Murray’s first day on the job included a stop at the school’s trophy case.

“In the 70s and early 80s, there was a ton of wrestling trophies, so as I started scanning and looking through the trophies for the rest of the decade. It all stopped,” Murray said.

He volunteered to help and eventually became the head coach, working with reluctant wrestlers like Craddolph, who tried to quit the team before becoming city champion his freshman year and runner up last year.

“He has always been supportive of everybody and make sure everybody could wrestle, so like good grades, pay attention in class, not goofing around in the hallways,” Craddolph said.

“I jokingly say all the time I don’t have a lot of skills, but the one skill that I do possess is I can talk to kids,” Murray said.

Murray said his mission as a resource officers was to build bridges and relationships.
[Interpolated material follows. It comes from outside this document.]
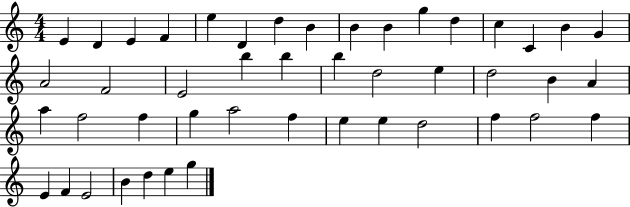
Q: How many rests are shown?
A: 0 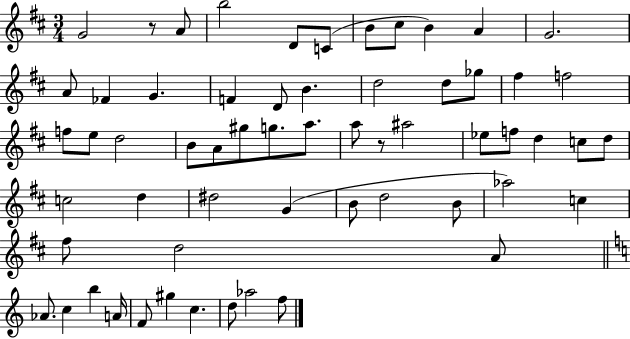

“The police officer aspect of it for me is probably only 40 percent of it,” he said. “The 60 percent of it is me just being a human being.”

He was also an adult who was in a position to head off trouble.

“Because a kid will walk by and say hey there’s going to be so and so is going to do so and so later and you are kind of like, ‘OK, so and so is going to fight?’ We are hearing there is going to be a fight after school and we can cut that off and bring them in and mediate before it ever gets to something,” Murray said.

In all, 20 resource officers are being reassigned. Northland High, South High, and Whetstone will all lose officer who are also coaches.

“With the program not being renewed, those relationships will disappear and that, to me, is the worst part,” Murray said.

Murray is not sure where his new assignment will be, or his new schedule, but he said he hopes to be able to spend some time as a volunteer, helping whoever ends up with the job as coach.